After much trying and debating the park’s ranger pulled us
into his station for the night. He painted a picture of the next day that involved us phoning a garage in Kununurra where we’d order a new battery that would then be helicoptered into the national park and delivered to us by another helpful
soul. We mused that at least the battery will have had a beautiful scenic flight and suppressed any thoughts of how much this adventure will cost and how long it will take.

It may have been the combination of corrugations sending its
vibrations through my body all day and a couple of very cold nights that made feel my tooth starting to tingle. I’m not prone to hypochondria, but the nightmare of being stuck in the middle of nowhere for a week or perhaps longer with a toothache, running out of painkillers and then having to have the tooth pulled didn’t let me sleep much.

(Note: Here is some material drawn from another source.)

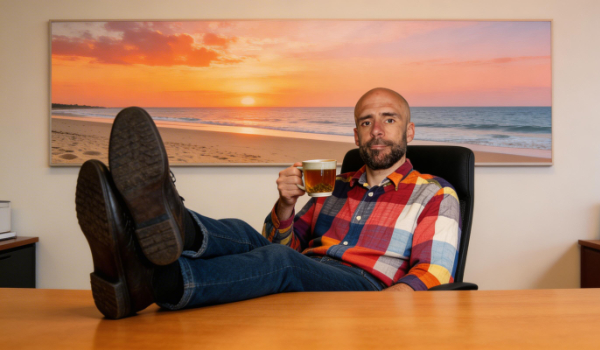 Álvaro Torres en el mismo escritorio pero con todo muy ordenado, los pies sobre la mesa y tomando una infusión. De fondo, en la pared, un gran cuadro horizontal de un atardecer en la playa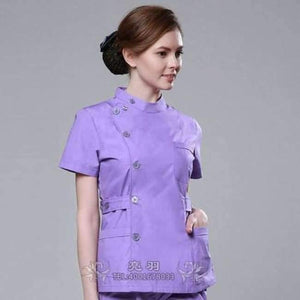 Planet Gates light purple / S Summer women hospital customized logo medical scrub set design slim fit dental scrubs beauty salon nurse uniform spa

The good thing about being stuck in a national park is that
Rangers are used to getting people back on the road. The next morning a team of two very determined Rangers decided it would be a lot easier to jump-start the car so that we could drive back to town and sort ourselves out. For some reason
jump starting was successful (it hadn’t been the night before) and we made the four-hour journey back to Kununurra – of course, without having seen any of the marvels of the sandstone range.

After the dentist in town assured me that my tooth is
perfectly fine and may only tingle because of a sinus infection that’s pushing on the nerve I was relieved. Replacing the battery was equally pain free and so a couple of days later we travelled the same road to Purnululu once again.

Yes, the multiple travels were absolutely worth it and given
that the range was deposited over 360 million years ago our little detour that cost us a one week delay seems hardly any time in comparison. It certainly made us appreciate the helpful nature of others (and the power of flossing) – thanks again!